We will focus on Google Chrome to discuss 3rd party cookies’ value in online advertising. Because (i) Cookie and privacy policies vary among browsers, and Chrome is the most popular web-browser (91.56% global share, according 6sense’s report) (ii) Google announced their plan in replacing 3rd party cookies in 2025 (iii) The Ad-exchange industry, whose value largely depends on Cookies, accounts for 10% of Google’s revenue.
The Ad-Exchange Industry Structure
Publishers like the NY Times attract readers and sell ad space to third-party ad exchanges, which collect user information through cookies and sell it to advertisers. This ecosystem facilitates targeted advertising and effective ad placements.
Benefits of Third-Party Cookies
- Targeting: Allows behavioral targeting and effective ad management.
- Measurement: Helps in measuring ad effectiveness and cross-site attribution, so as to facilitate bidding.
- Automation and Scale: Supports ad campaign optimization and large-scale deployment.

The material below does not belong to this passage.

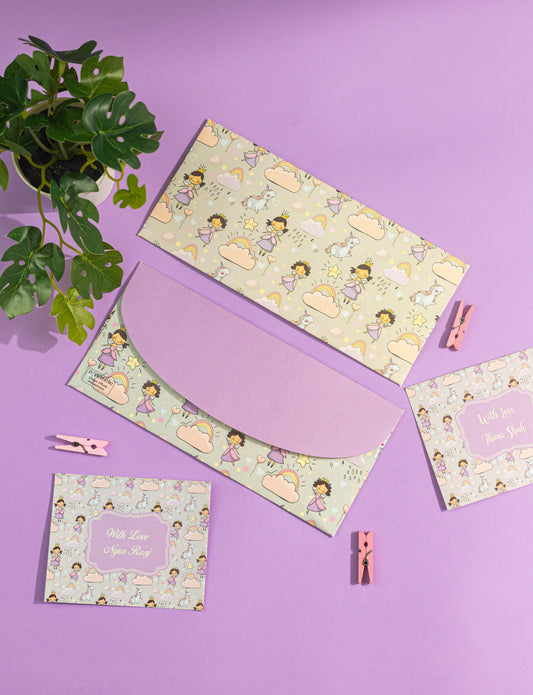 Fairy & Unicorn Theme Money Envelope & Flat Tag Combo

Advertisers benefit from cookies by reaching targeted consumers more effectively, measuring ad interactions, and leveraging identity-based information to refine ad strategies.
The Privacy Dilemma
Advertisers have a long wish list, where they aspire to increase the value of their ads, but possibly through sacrifice privacy:
- reach large quantities, targeted consumers
- masure basic information necessary for ads: clicks, conversions
- preferably, some more identity-based info: user behavior, identity across sites
- run experiments and automation
The Dilemma: Informativeness erodes privacy but makes ads more valuable. Cookies provides informativeness and can achieve all these tasks.